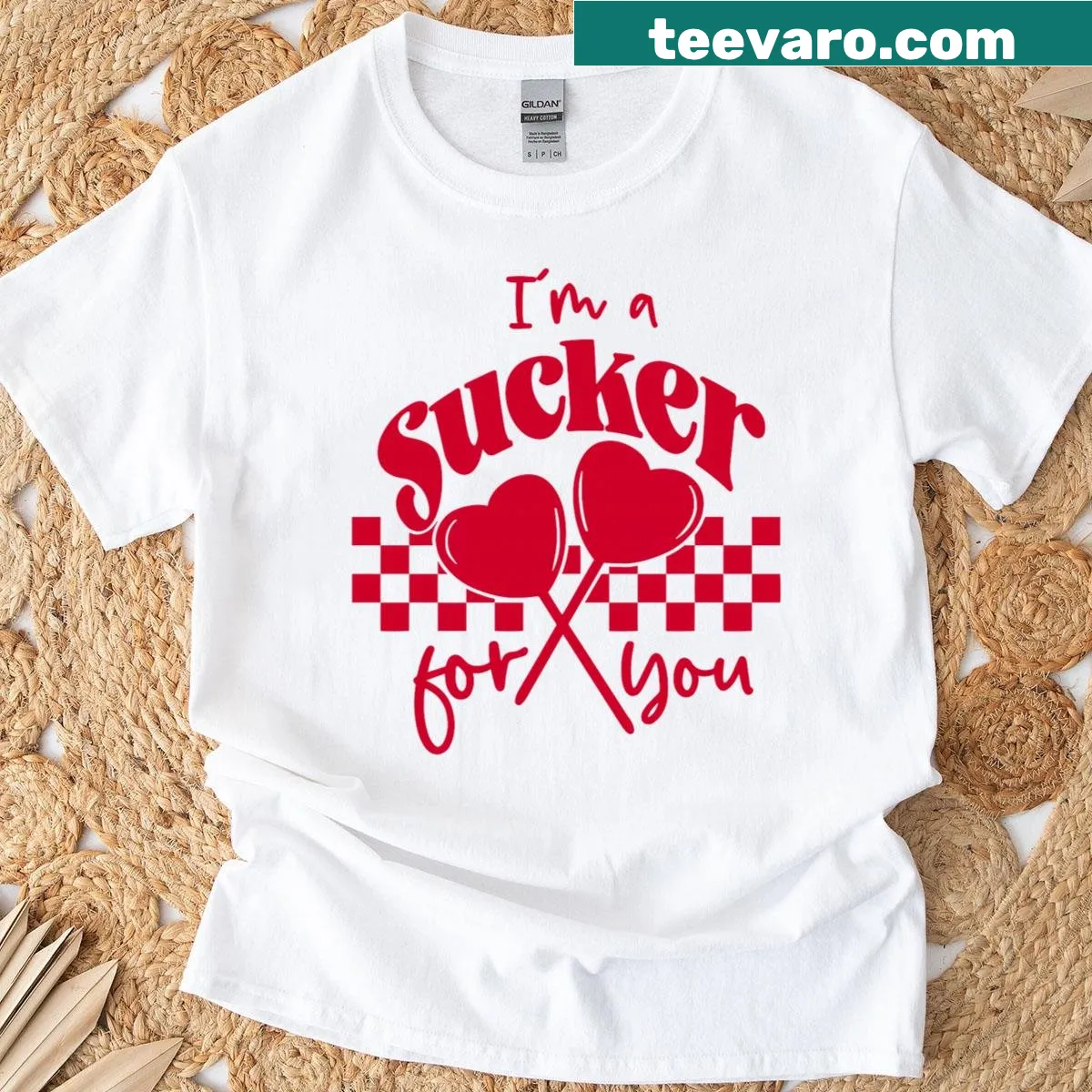 Retro heart candy graphic T-shirt for Valentine's Day — on a men's t-shirt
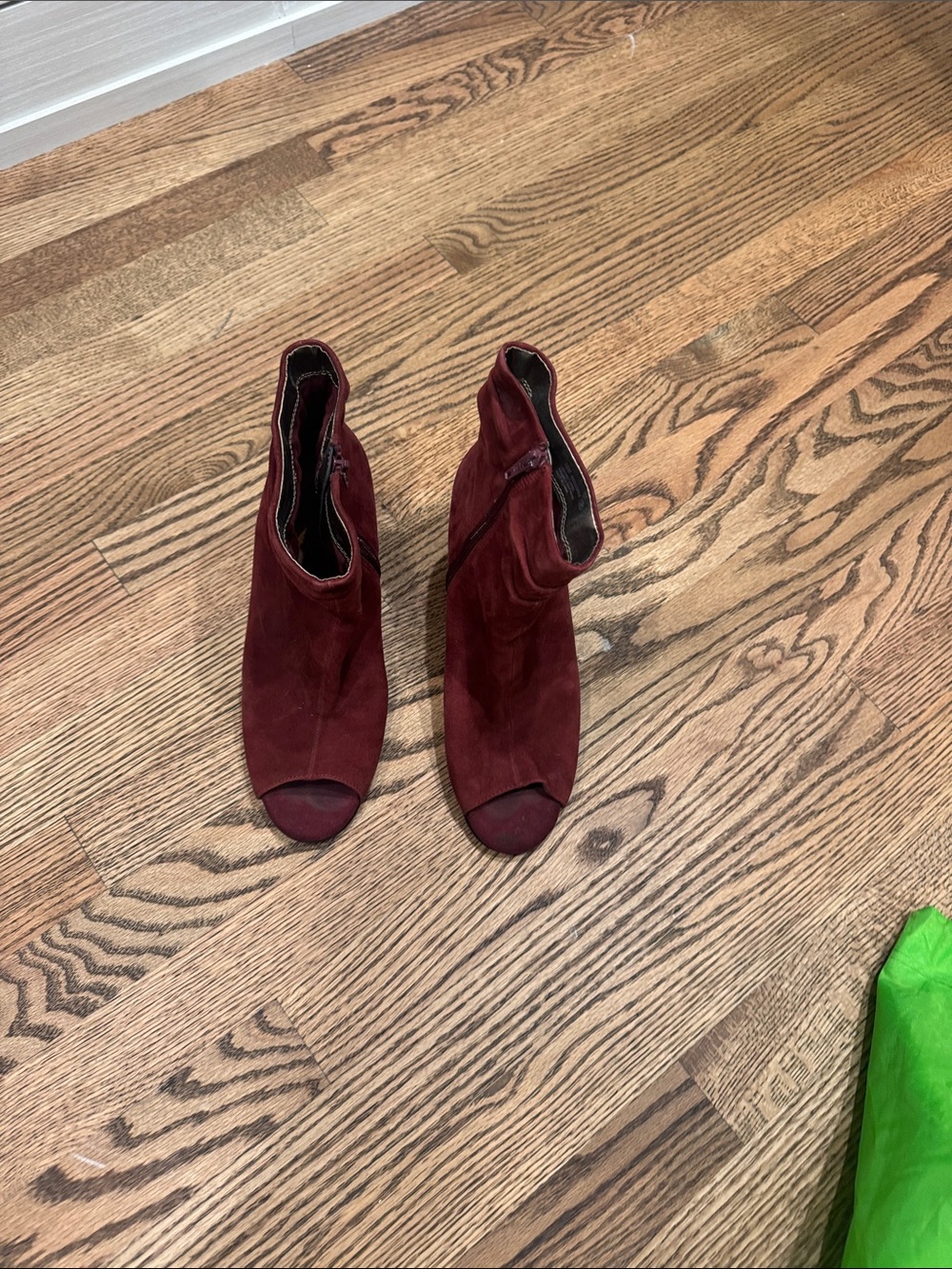 AEROSOLES Burgundy Suede Peep-Toe Booties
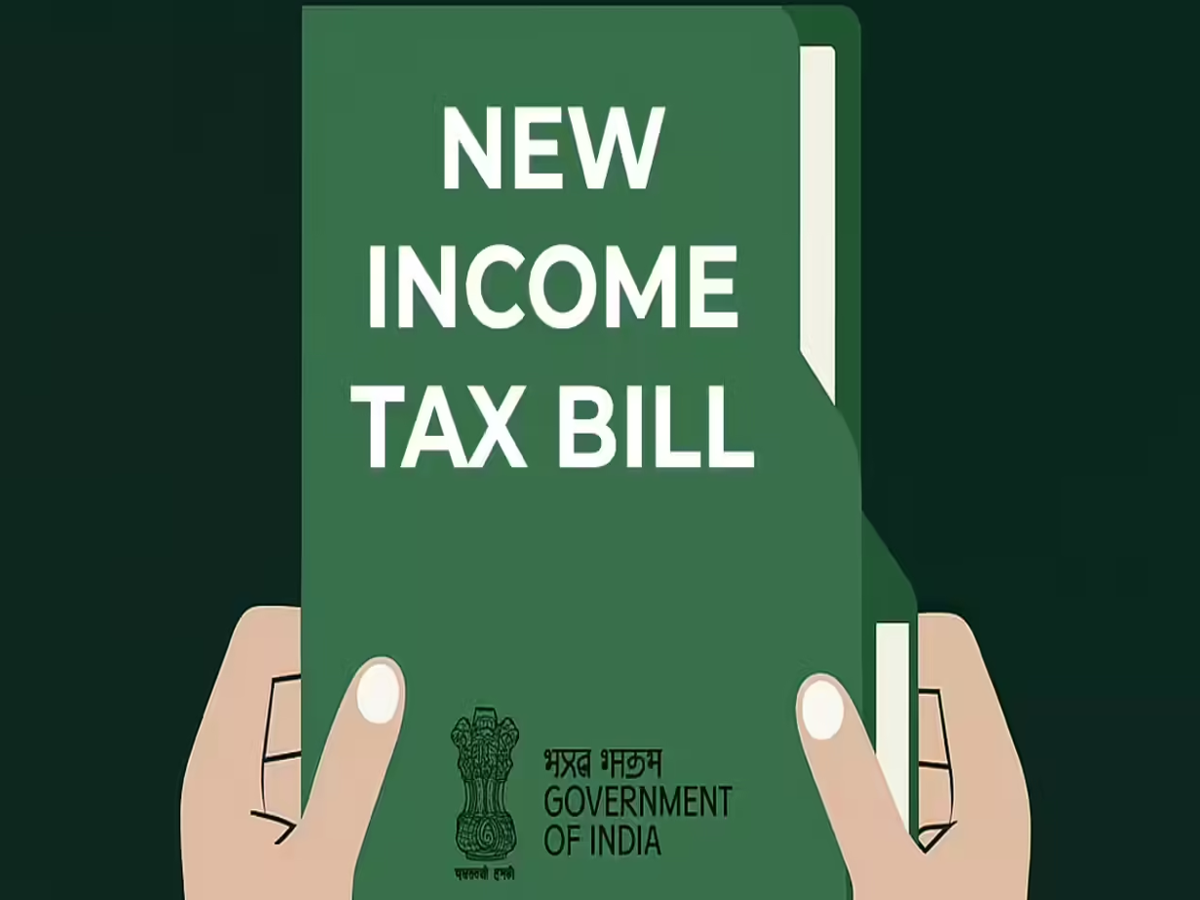Illustration of a small taxpayer filling out an ITR form for tax refund under the new Income Tax Bill 2025.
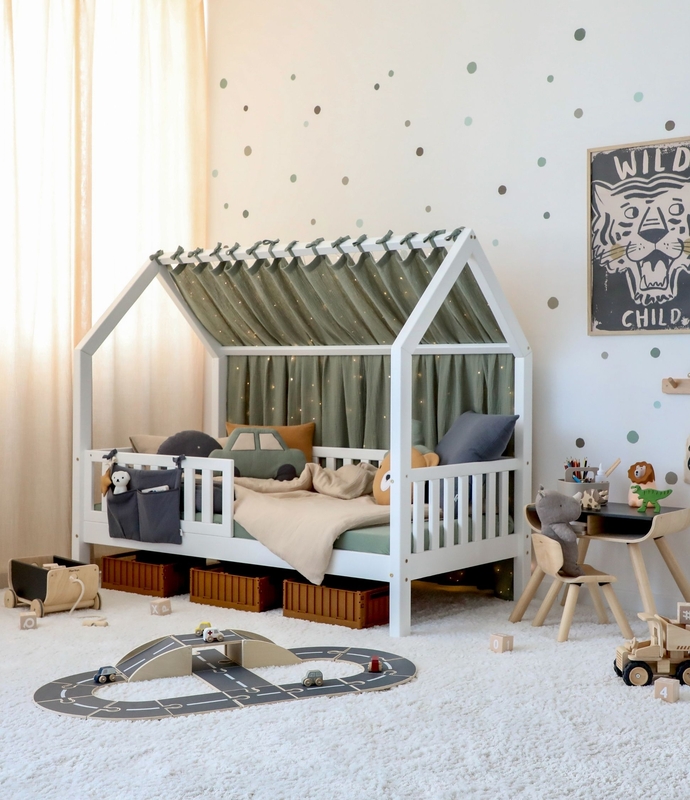 Kidsroom With House Bed &amp; Khaki Green Decor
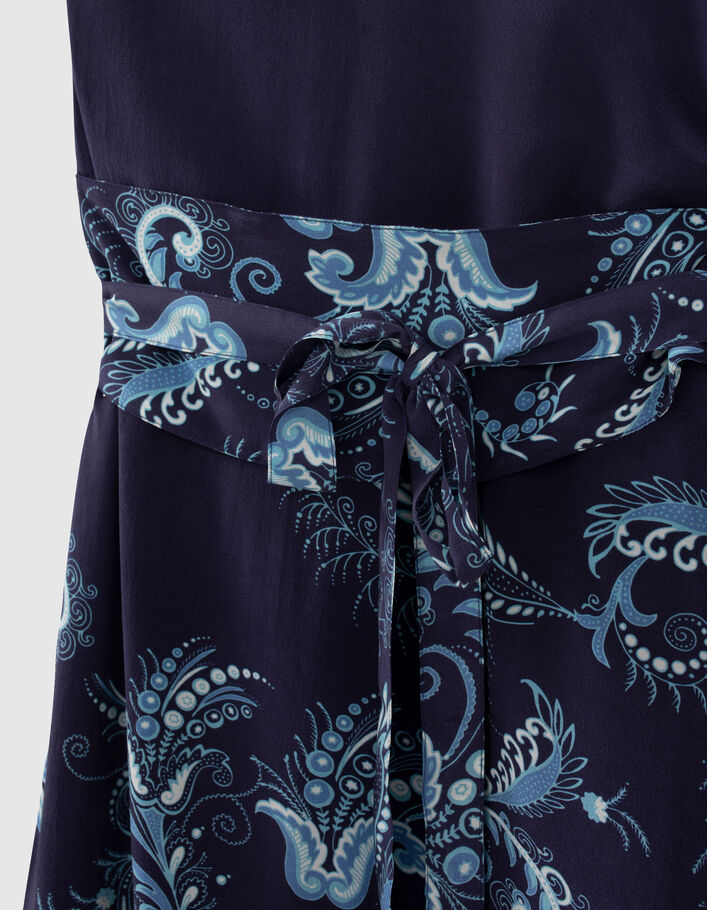 Robe asymétrique bleue motif cachemire IKKS x GIGEEZ Femme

§ **How to complete this task**: The lines from the one containing "Illustration of a" through the final line of the data are to be repeated exactly, with both ends included and all pictures left out.

§ **The completed task**:
Illustration of a small taxpayer filling out an ITR form for tax refund under the new Income Tax Bill 2025.
 Kidsroom With House Bed &amp; Khaki Green Decor
 Robe asymétrique bleue motif cachemire IKKS x GIGEEZ Femme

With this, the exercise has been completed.